References and possible solutions
Looking at the ANTLR 4 Pascal grammar, I notice that it doesn't allow real numbers to end in .
without a digit after that, so learning a solution from there doesn't appear to be an option.
I've seen Semantic predicates in ANTLR4? and syntactic predicates - Upgrading from Antlr 3 to Antlr 4. Both discuss syntactic predicates in parser rules. The latter also has an example with lexer rules, but the look-ahead is identical to the rule that follows it, which means the rules could get removed without adverse effects. This is not the case in my example above.

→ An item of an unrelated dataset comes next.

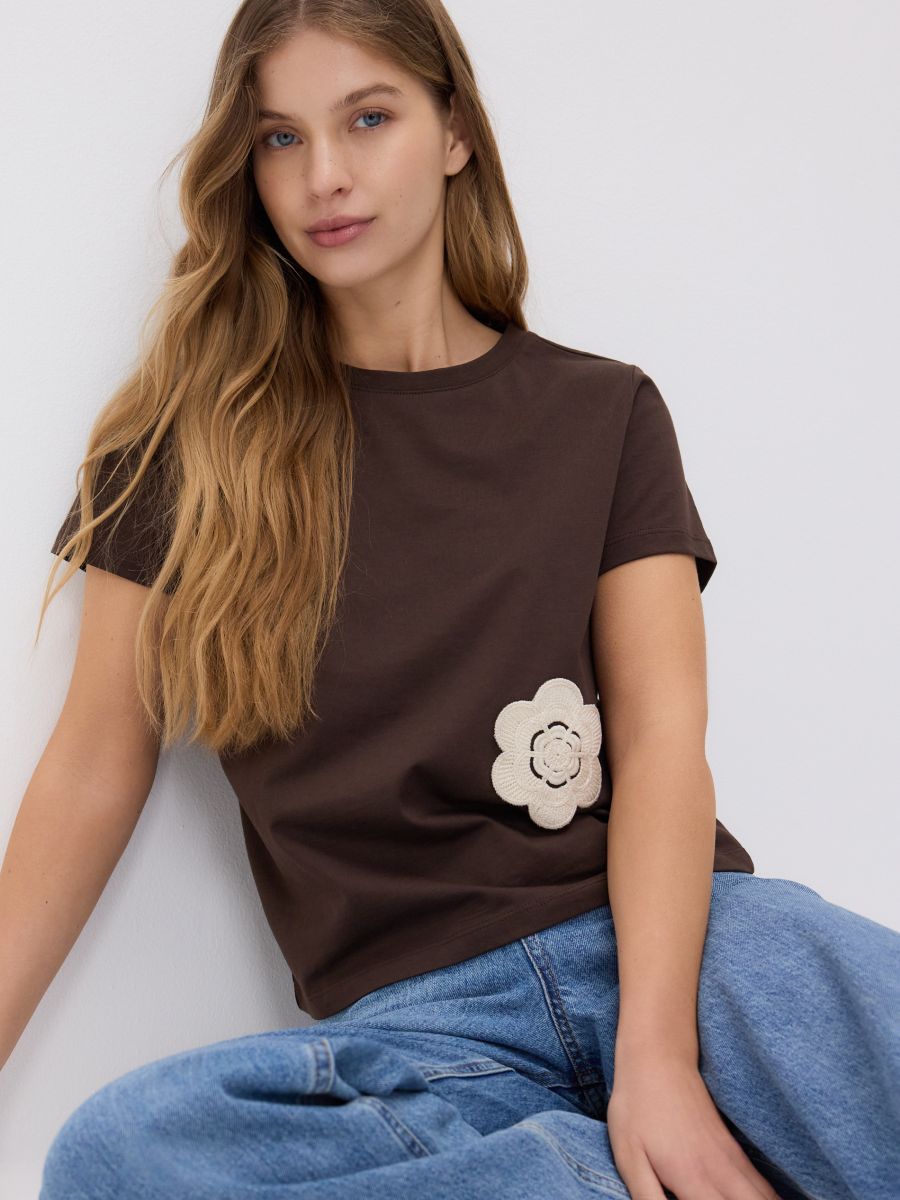 T-shirt z szydełkowaną aplikacją Kolor brązowy - RESERVED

Answers to check previous/left token in lexer mention the emit
method of the lexer, with a comment referencing the How can I emit more than a single token per lexer rule? FAQ page in the ANTLR 3 wiki, so I guess that's one approach. I will turn this into an answer if noone beats me to it and if I can get it to work in my example.

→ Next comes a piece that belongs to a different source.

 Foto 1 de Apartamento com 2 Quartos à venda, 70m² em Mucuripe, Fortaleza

The answer to ANTLR4 negative lookahead in lexer makes use of the _input.LA(int)
method to examine the look-ahead. The ANTLR 4 lexical analysis faq mentions _input.LA
without going into details. This should work for the example above as well, but would be hard for scenarios where there is more than a single character of look-ahead to consider.